Mrs Dalton said “decisions to hoard Murray-Darling water to flush out to sea” is killing jobs in the MIA.
"SunRice has just cut 100 jobs in Leeton and Deniliquin because there’s a lack of water," she said.
"The major reason is not drought. Just two years ago all our storages and rivers were spilling and flooding.
"The NSW government is hoarding thousands of megalitres of water while, at the same time, the federal government is sending their stored water to flush out to South Australian seas.”
Meanwhile, Murrumbidgee Irrigation (MI) has also reacted to the news of the job losses, saying it empathized with staff, but also knew it wouldn’t have been an easy decision to make by SunRice.
“Unfortunately this is the impact of dryer conditions and has happened before and most likely will happen again with the changing weather patterns, MI chief executive officer Brett Jones said.
“The tremendous strength of the MIA is its resilience.
“The MIA is a highly productive region and is not reliant on the success of any one crop.
“This is evident through the huge diversity of crops that are grown here from nuts, vegetables and cotton through to citrus, prunes and grapes, just to name a few.

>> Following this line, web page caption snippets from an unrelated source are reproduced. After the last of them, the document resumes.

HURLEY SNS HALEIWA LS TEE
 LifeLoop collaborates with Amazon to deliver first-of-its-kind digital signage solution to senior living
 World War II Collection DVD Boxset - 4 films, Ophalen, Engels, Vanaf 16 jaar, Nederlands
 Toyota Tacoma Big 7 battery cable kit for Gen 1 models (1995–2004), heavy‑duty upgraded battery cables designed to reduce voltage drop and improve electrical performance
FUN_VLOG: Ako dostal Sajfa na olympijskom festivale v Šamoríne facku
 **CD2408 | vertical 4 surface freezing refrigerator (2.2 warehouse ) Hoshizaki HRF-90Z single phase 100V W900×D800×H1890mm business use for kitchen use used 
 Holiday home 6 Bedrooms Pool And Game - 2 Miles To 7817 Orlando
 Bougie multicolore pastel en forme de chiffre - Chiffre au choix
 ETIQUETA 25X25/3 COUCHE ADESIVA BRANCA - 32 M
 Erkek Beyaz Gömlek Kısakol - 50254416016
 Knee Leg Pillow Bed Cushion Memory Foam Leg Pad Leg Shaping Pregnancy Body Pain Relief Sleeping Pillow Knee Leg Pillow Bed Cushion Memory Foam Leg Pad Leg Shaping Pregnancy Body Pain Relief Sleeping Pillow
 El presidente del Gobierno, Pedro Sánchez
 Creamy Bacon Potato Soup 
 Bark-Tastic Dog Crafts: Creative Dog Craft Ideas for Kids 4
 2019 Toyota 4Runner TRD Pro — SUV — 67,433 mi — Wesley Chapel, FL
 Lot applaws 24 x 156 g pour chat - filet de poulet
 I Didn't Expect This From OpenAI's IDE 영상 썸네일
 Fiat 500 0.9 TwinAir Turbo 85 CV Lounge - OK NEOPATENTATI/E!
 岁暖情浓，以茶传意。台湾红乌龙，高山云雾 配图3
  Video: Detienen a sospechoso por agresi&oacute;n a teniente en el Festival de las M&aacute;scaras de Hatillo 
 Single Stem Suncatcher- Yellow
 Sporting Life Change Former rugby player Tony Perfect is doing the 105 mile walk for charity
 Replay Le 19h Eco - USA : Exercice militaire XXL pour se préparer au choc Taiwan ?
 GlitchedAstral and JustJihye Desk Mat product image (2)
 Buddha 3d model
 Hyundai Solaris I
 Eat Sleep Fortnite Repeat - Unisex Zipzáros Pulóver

“Our farmers are also some of the most innovative, thinking outside the square to make every drop count during these dry times.”
Last week SunRice announced it would be cutting around 100 jobs from its Leeton and Deniliquin mills.
The Ricegrowers’ Association of Australia was devastated by the news.
In a submission made to the Department of Agriculture and Water and Resources, before SunRice made their announcement, the RGA reiterated its long-standing message it does not support the recovery of an additional 450 gigalitres of water from productive use.
The RGA said all water recovered from productive use results in negative social and economic impacts for basin communities, irrigators and industries, in particular due to the flow on effects of increased water prices.
RGA president Jeremy Morton said while the drought was a significant factor in the job losses, there was no doubt the Basin Plan was “responsible for some of these people losing their job”.
“All the evidence shows us the reduction in the pool of productive water means less people with a job,” he said.
“All those who voted for this reform in 2012 need to own this outcome.
“On behalf of the RGA we extend our deepest concern to everyone who is affected and encourage all to look out for each other.”